Confindustria e il Decreto dignità

Per capire quali forze comandano  veramente nel Parlamento italiano è più che sufficiente, anzi, emblematico, quello che è avvenuto a proposito del cosiddetto Decreto dignità. 

Correva l’a.D. 2018, quando un decreto, fortemente voluto da una forza che si è dichiarata sin dal suo apparire come “antisistema”, stabilì in uno dei suoi articoli che la stipula di un contratto di lavoro a tempo determinato “a-causale”, poteva avvenire solo per un periodo di durata non superiore ai 12 mesi. Trascorso questo periodo i contratti si sarebbero trasformati in contratti a tempo indeterminato. Che colpo, ragazzi! 

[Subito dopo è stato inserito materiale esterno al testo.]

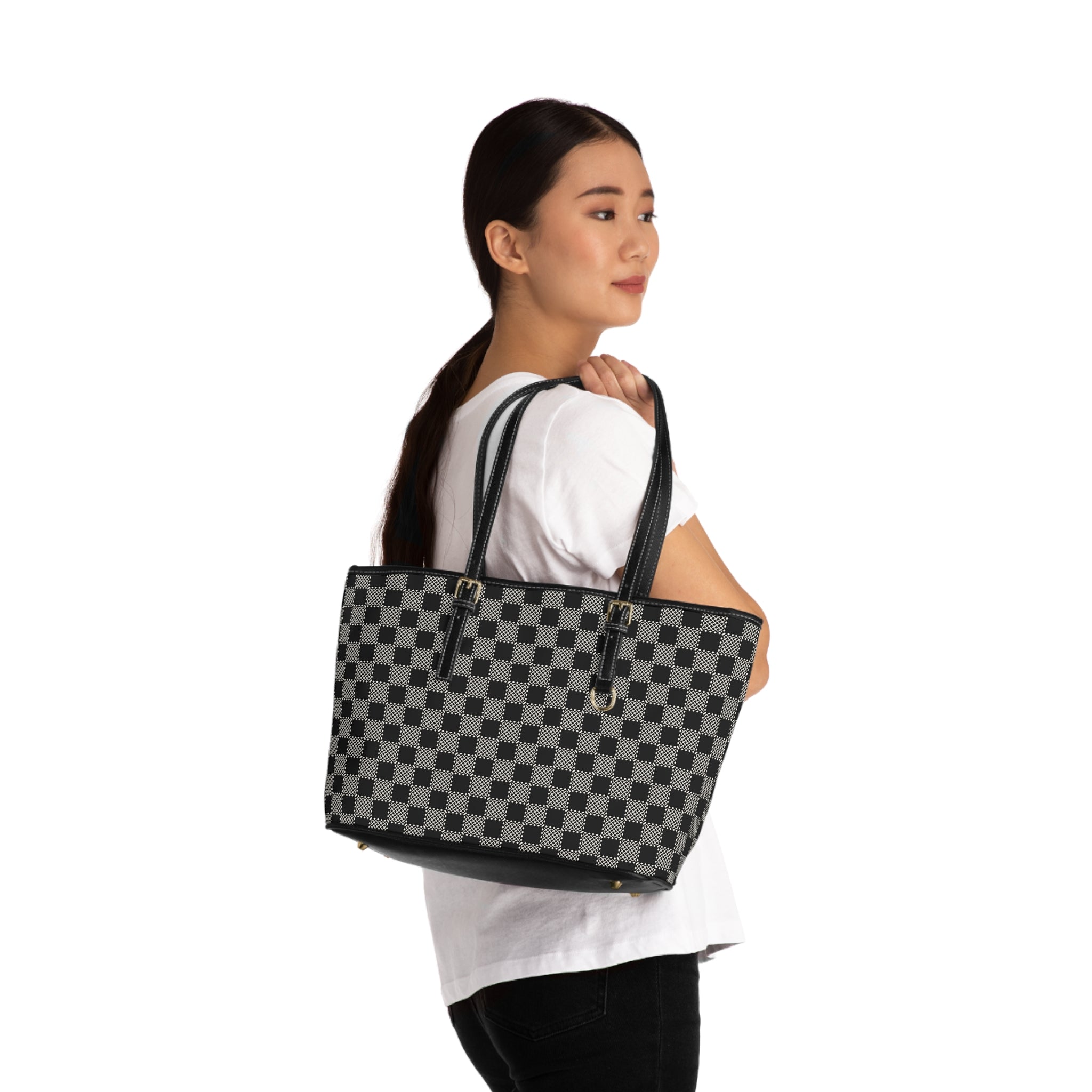 Checkerboard PU Shoulder Bag – Black Gray Tote for Everyday & Work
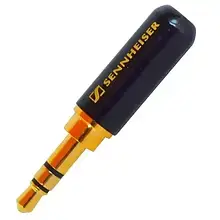 Штекер 3.5-мм стерео Sennheiser, металевий корпус, чорний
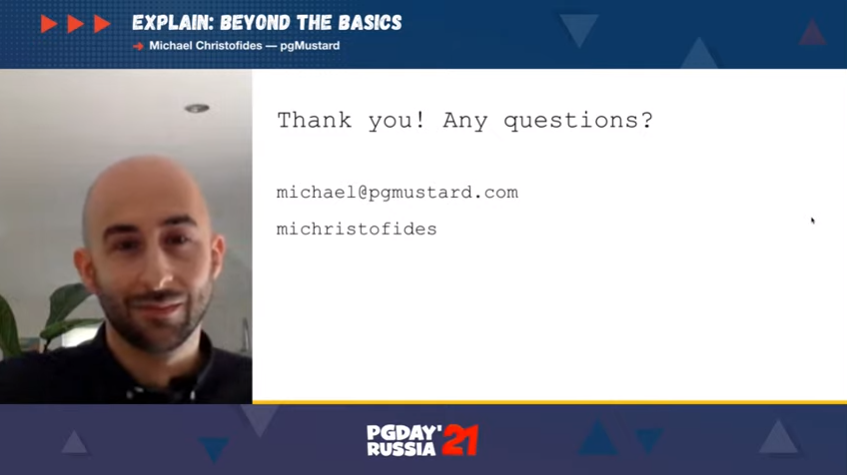 PGDayRussia's tweet photo. Do you have questions to Michael @michristofides? Ask on our YouTube channel https://t.co/h1o3Ja9KtL or in Slack https://t.co/OrXgoN4ubQ.
#PGDayRussia #PostgreSQL https://t.co/OIBPmkQdzF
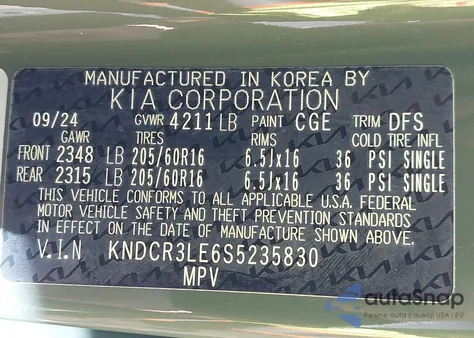 2025 Kia Niro Ex z USA, uszkodzony, nr VIN KNDCR3LE6S5235830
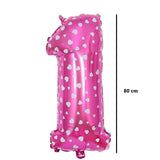 Balon Din Folie Metalizata Figurina Cifra, Imprimeu Inimi, Tema Aniversare 80 Cm, Ambalaj Individual, Pai Inclus, Umflare Cu Aer Sau Heliu, Cifra 1 - vivimall.ro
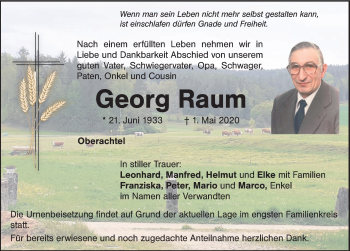 Traueranzeige von Georg Raum von Hersbrucker Zeitung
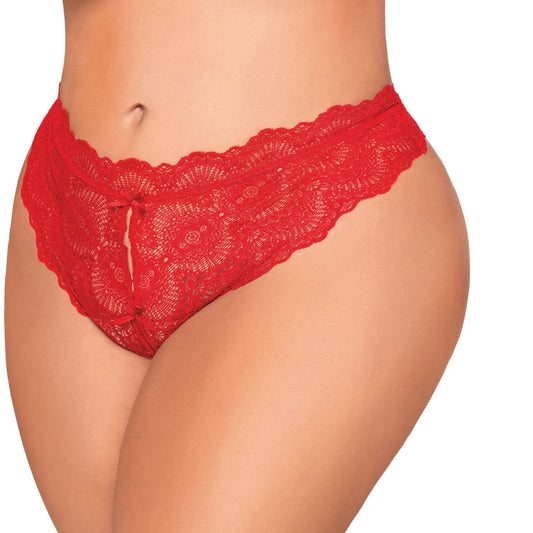 Dreamgirl Lace Tanga Open-Crotch Panty and Elastic Open Back Detail Red 1X Hanging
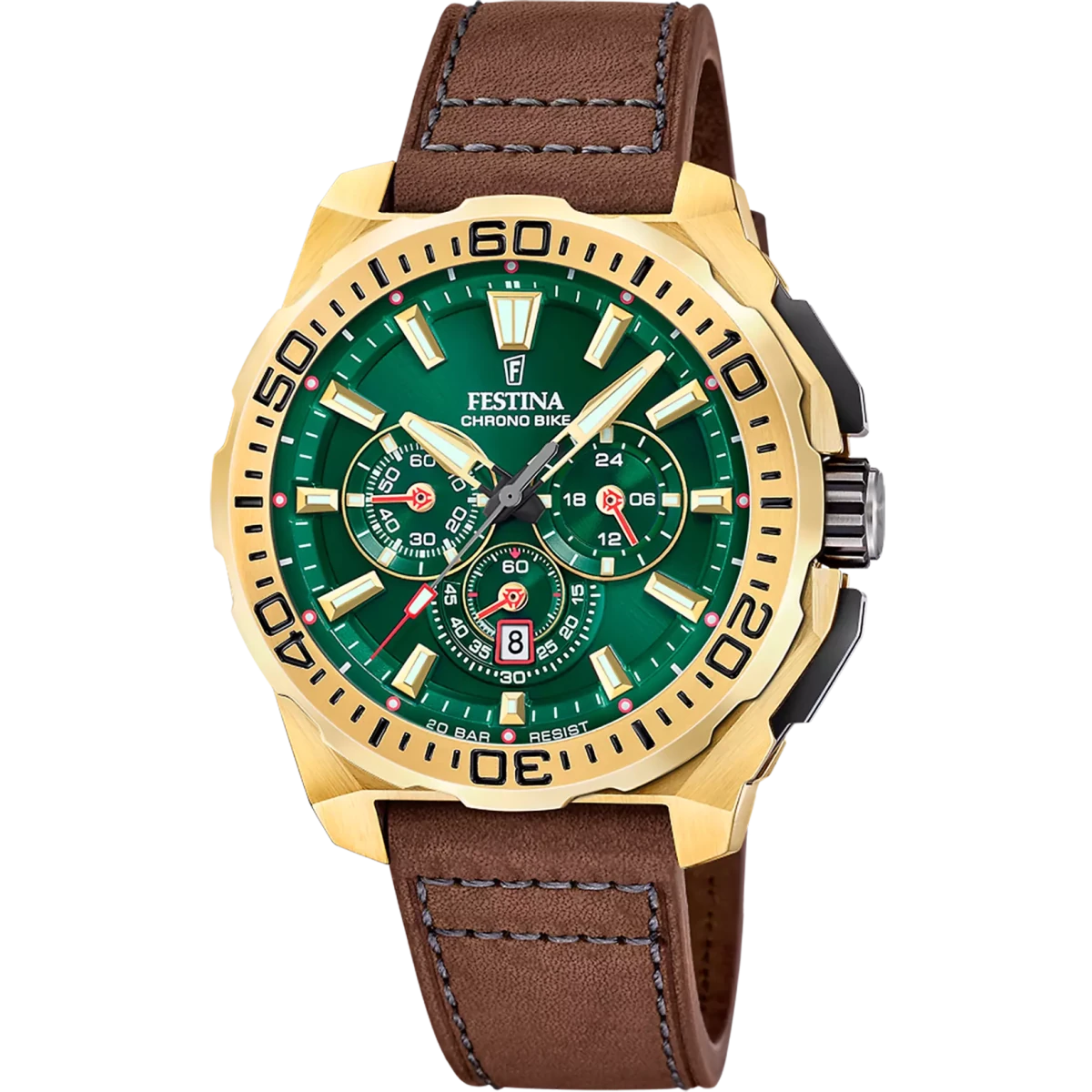 Festina Chrono Bike Green Dial Brown Leather Men’s Watch | F20728/2 | TIME Watches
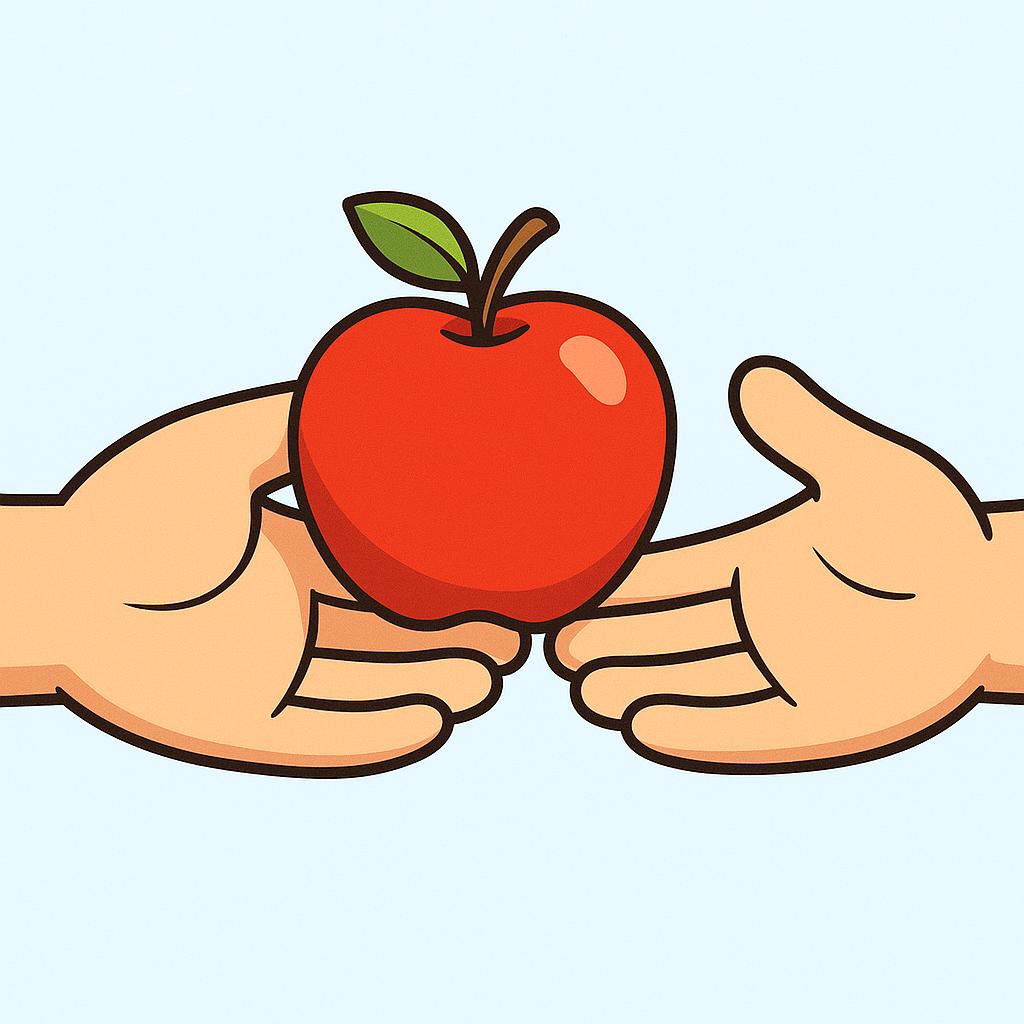 A close-up view of two simplified cartoon hands exchanging a bright red apple, illustrating the act of handing over an object.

Esattamente tre anni dopo, d’accordo anche M5S e Liberi e Uguali, con il ritorno  alla liberalizzazione dei contratti a termine, grazie ad un emendamento voluto da PD, Lega, FI  e FdI, e fortemente richiesto da Confindustria, appare abbastanza chiaro che in Italia la stagione dei cambiamenti favorevoli ai lavoratori non possa durare molto. Alla fine prevale sempre la volontà confindustriale e dei suoi servi in Parlamento di “normalizzare” il paese, ovvero di eliminare tutte quelle clausole che impediscono ai padroni di fare il bello e il cattivo tempo. Le cose solitamente vanno così: si permette a qualche forza politica di giocare per un po’, poi il proprietario del pallone, nella fattispecie Confindustria, quando sta perdendo la partita si porta via il pallone, sancendo la fine del gioco. E si rinnova la classica frase di De Gaulle che con un “la ricreazione è finita”  pose fine al Maggio francese. Giocate pure, sembrano dire le élite economico-finanziarie, poi quando il gioco si fa duro sappiate che i duri siamo noi padroni, che abbiamo grandi risorse, come un Parlamento sensibile alle leggi del profitto e una stampa volontariamente serva, controllata da gruppi editoriali che ci devono molto. 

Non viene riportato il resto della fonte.